Первые дни войны. — Снова Тарасовка. — Черноголовый бесенок.— Теплоход «Серго Орджоникидзе». — Великий Енисей. — Полярная ночь. — За елками. — «Пясинский». — Спортивное воспитание. — Каток за Полярным кругом. — Край физкультурников.

Победами в Софии советские футболисты как бы подвели итог достижениям нашего довоенного футбола. Тогда мы и не предполагали, что в течение долгих лет не будет больше международных футбольных встреч, розыгрыша первенства, кубка...

Утром 22 июня я крепко спал в ленинградской «Астории». Предстояла игра с ленинградским «Спартаком». Нужно как следует отоспаться, утром сделать гимнастику, принять душ, быть бодрым, свежим.. Стоит ли говорить, что матч наш не состоялся. С трудом пробравшись через разного рода оцепления — к Ленинграду подтягивались войска, артиллерия, шли демонстрации рабочих, — мы, спортсмены, приехали на стадион имени Ленина. Там было полно народу. Все четверо братьев — Николай, Александр, я, Петр, — мы в эти дни оказались в Ленинграде. С нами были наши многолетние друзья — футболисты: москвичи, ленинградцы. Где мы окажемся через несколько дней?
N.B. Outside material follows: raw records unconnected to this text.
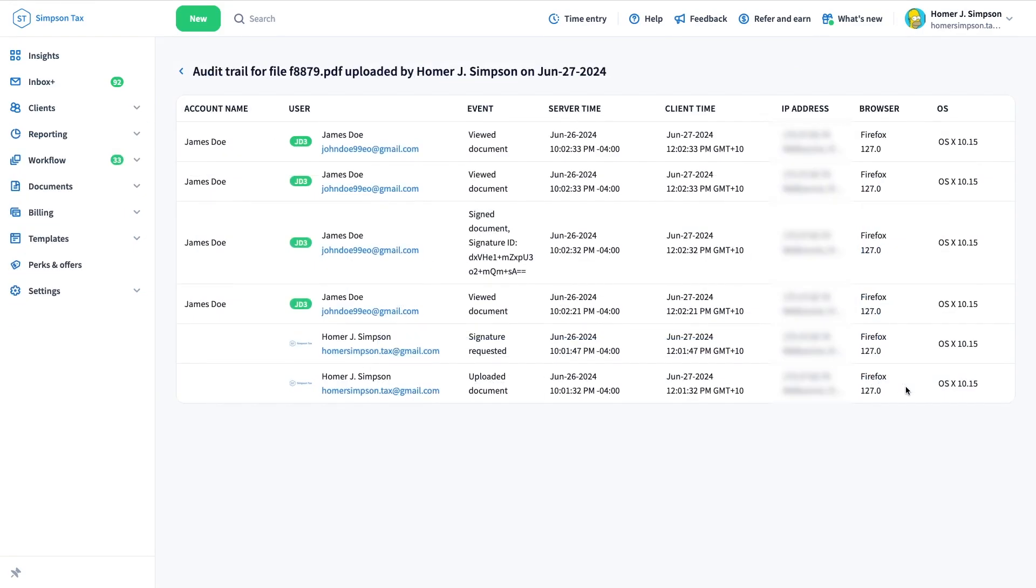This is where you'll find all the information about a document's history, such as the account name, user name, and their email address.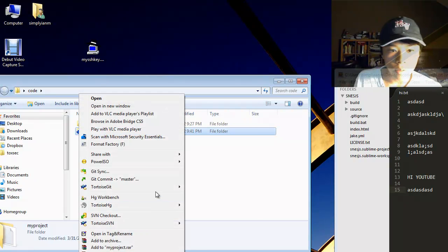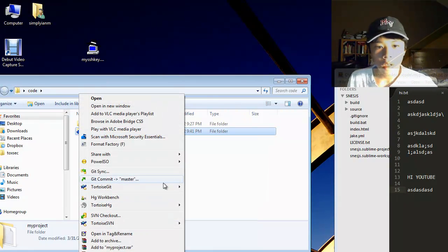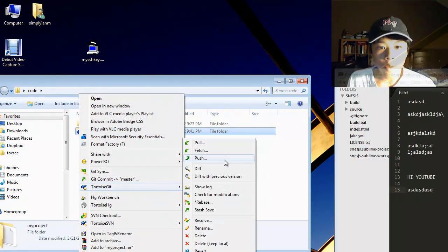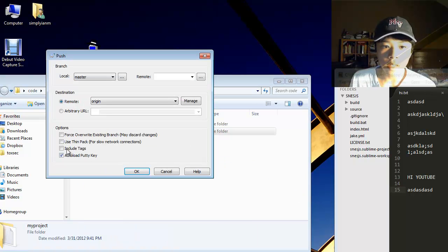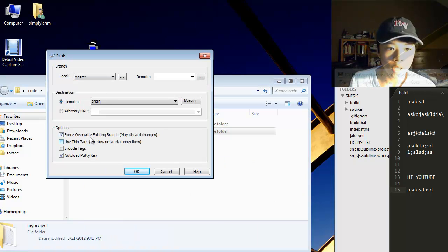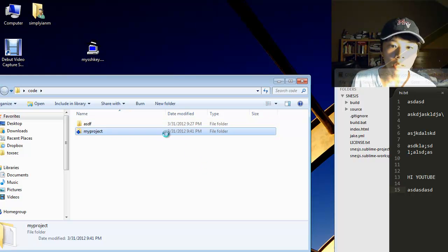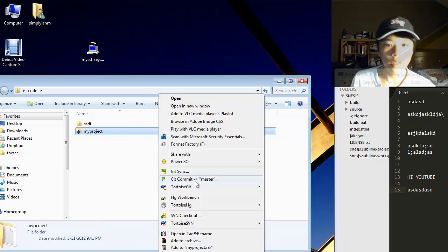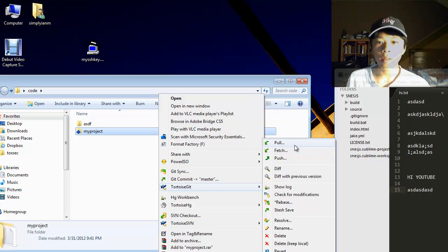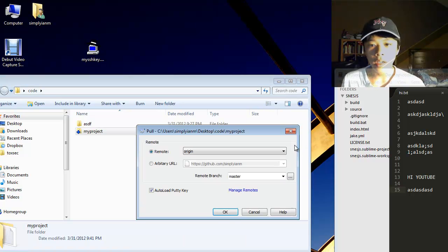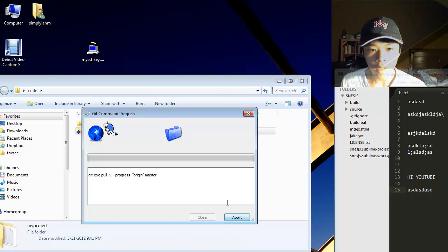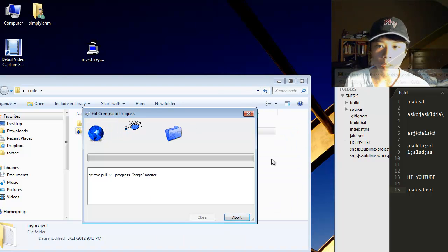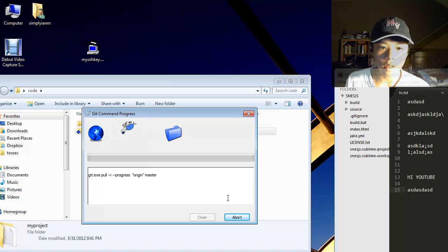What you're going to want to do is, if you want theirs to be exactly the same as yours, you're going to want to do push and do force overwrite existing branch. But, there's another thing called merging. You're going to want to do tortoise git, pull, and, okay. And, it's going to merge the files together that got changed.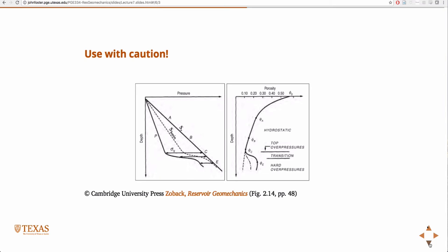So this would be pressure versus depth — again, this is lithostatic, hydrostatic, and an overpressure scenario. And then this is porosity versus depth: monotonically decreasing until you hit the overpressure region, and then you actually have an increase in porosity in that location. So you have to use that equation with caution.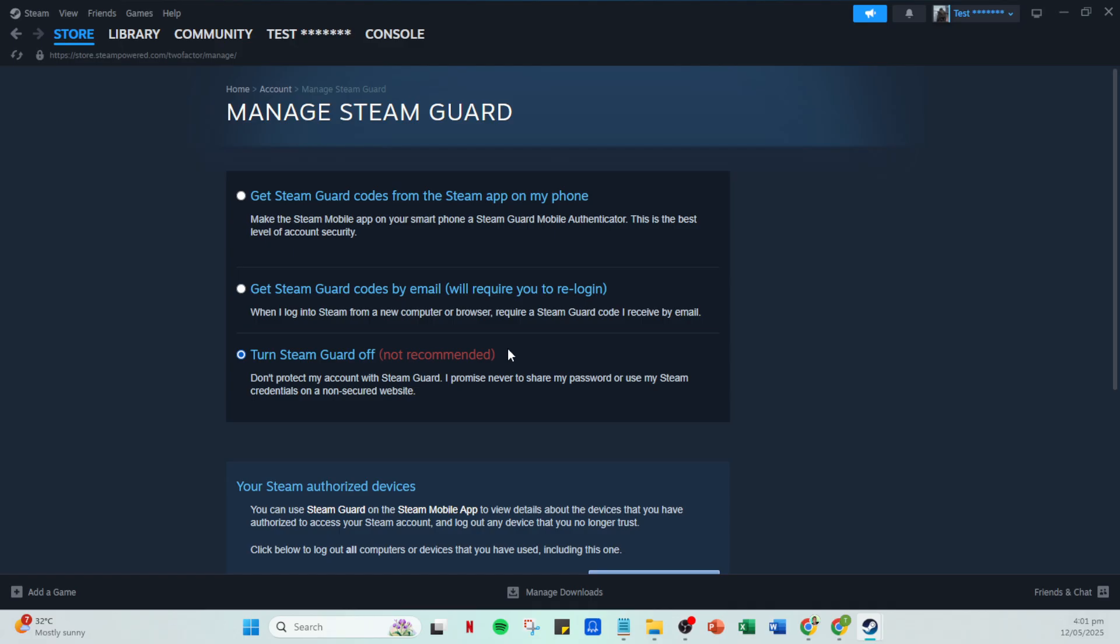With these steps completed, you have successfully retrieved your backup codes and ensured that you have a fallback plan for accessing your Steam account in the case of future issues with Steam Guard. Remember, maintaining these codes and your contact info is vital for a smooth gaming experience. Thanks for watching and happy gaming!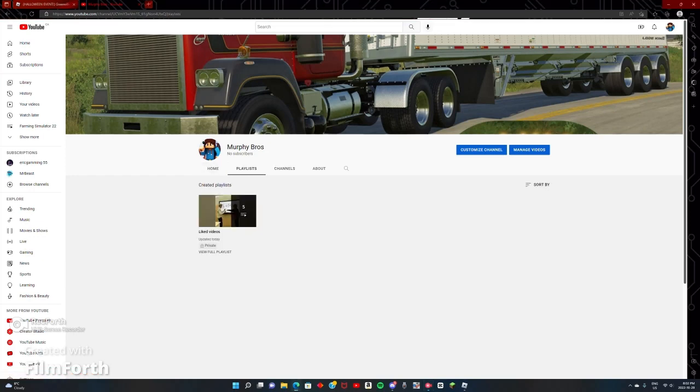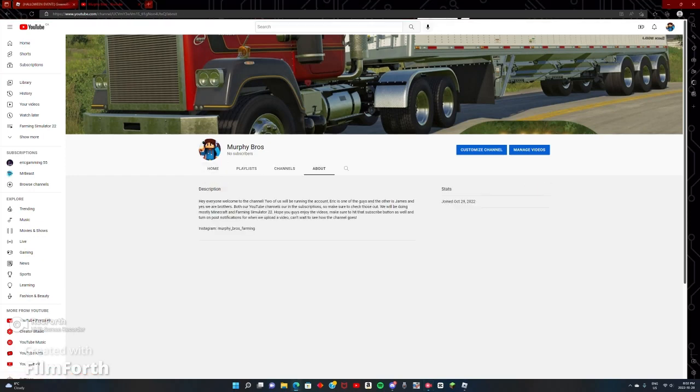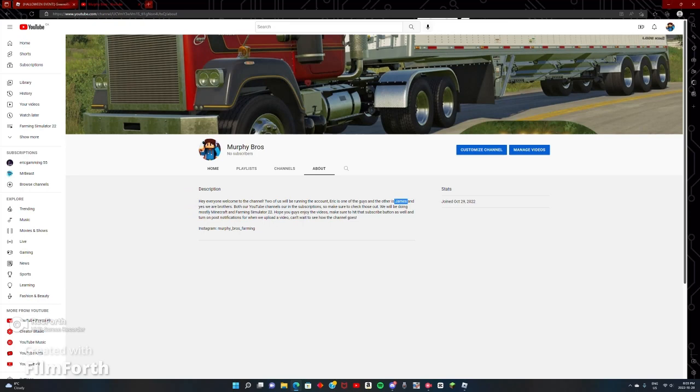Hang on, I was reading that one. It says right here two of us will be running the account, so obviously me and then my brother James.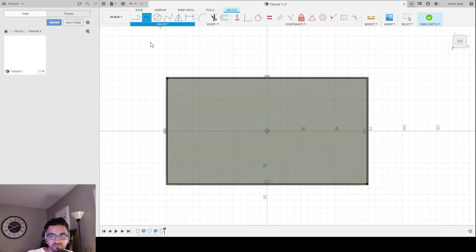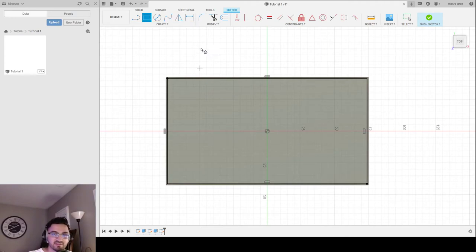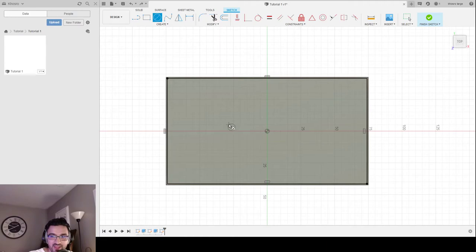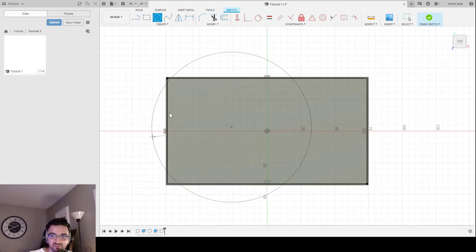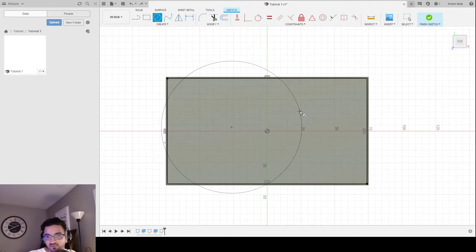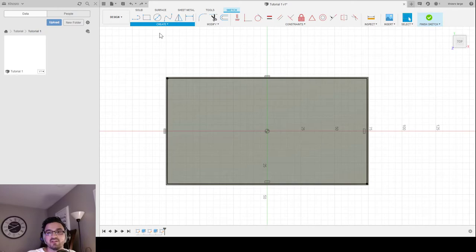I'm going to go to Create, Circles. There are a bunch of different circle options. There's the Two-Point and Three-Point circle, which work exactly like the rectangle — select a point and another point and it gives you a circle. There's also the Center Diameter Circle, which works like the centered rectangle: click a point, drag the mouse out, and it gives a circle based on whatever size you drag to.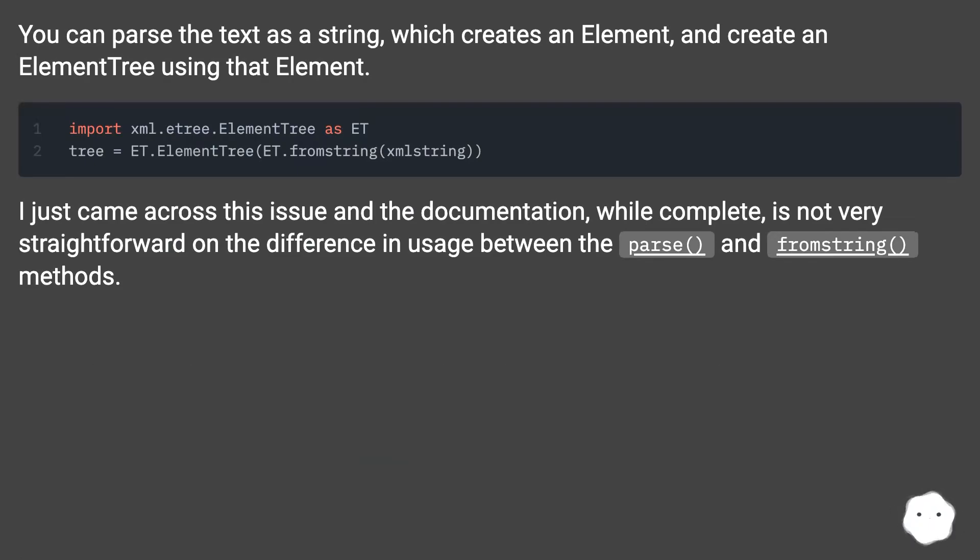You can parse the text as a string, which creates an element, and create an element tree using that element.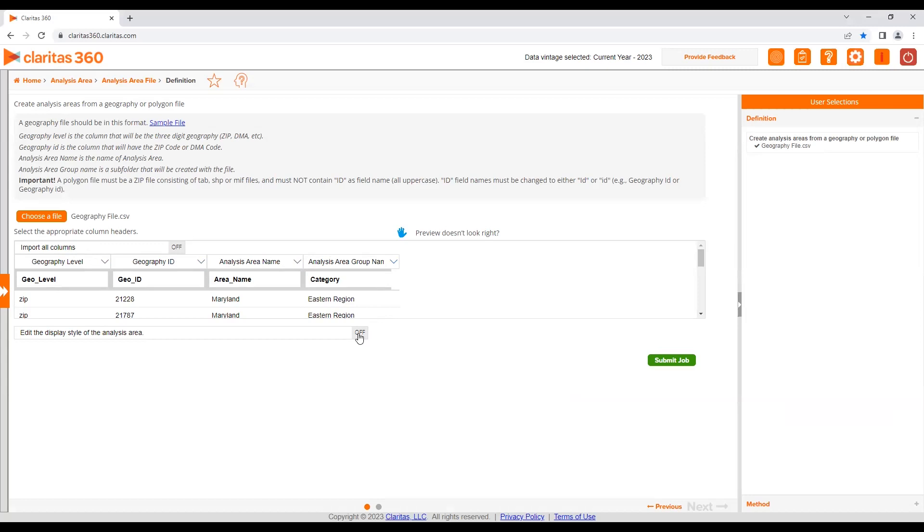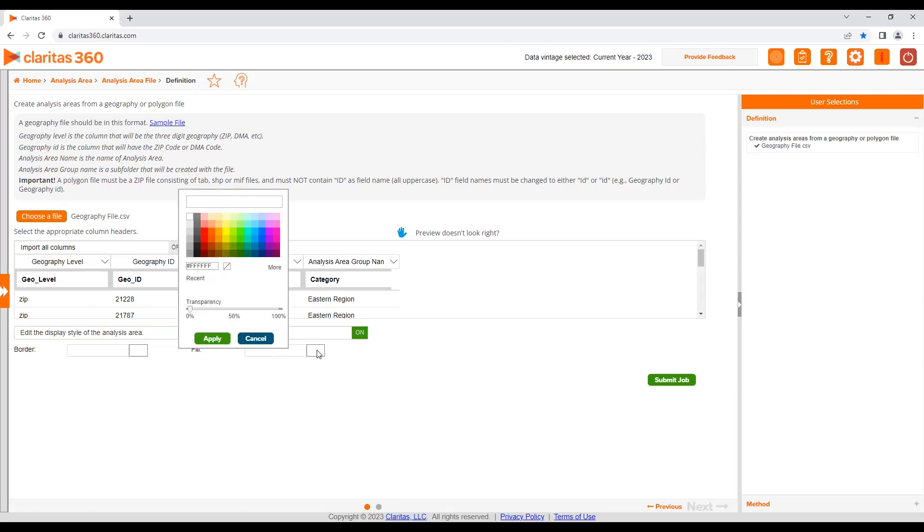If desired, you can change how the analysis areas will be displayed on the map by changing the edit display style of the analysis area to on. The border and fill color and percent transparency can then be updated.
Куда забросит нас война? Увидимся ли мы еще? Вернемся ли когда-нибудь на этот красавец стадион, где так недавно кипели спортивные страсти? Какими маленькими в свете страшных событий сегодняшнего дня показались мне вчерашние горести и радости этого стадиона! Но вместе с тем каким нужным показался мне футбол, когда я оглядел моих товарищей, сколько было силы, ловкости, мужества в каждом из них! Как пригодится все это особенно теперь, в годы грозной военной схватки с темными силами!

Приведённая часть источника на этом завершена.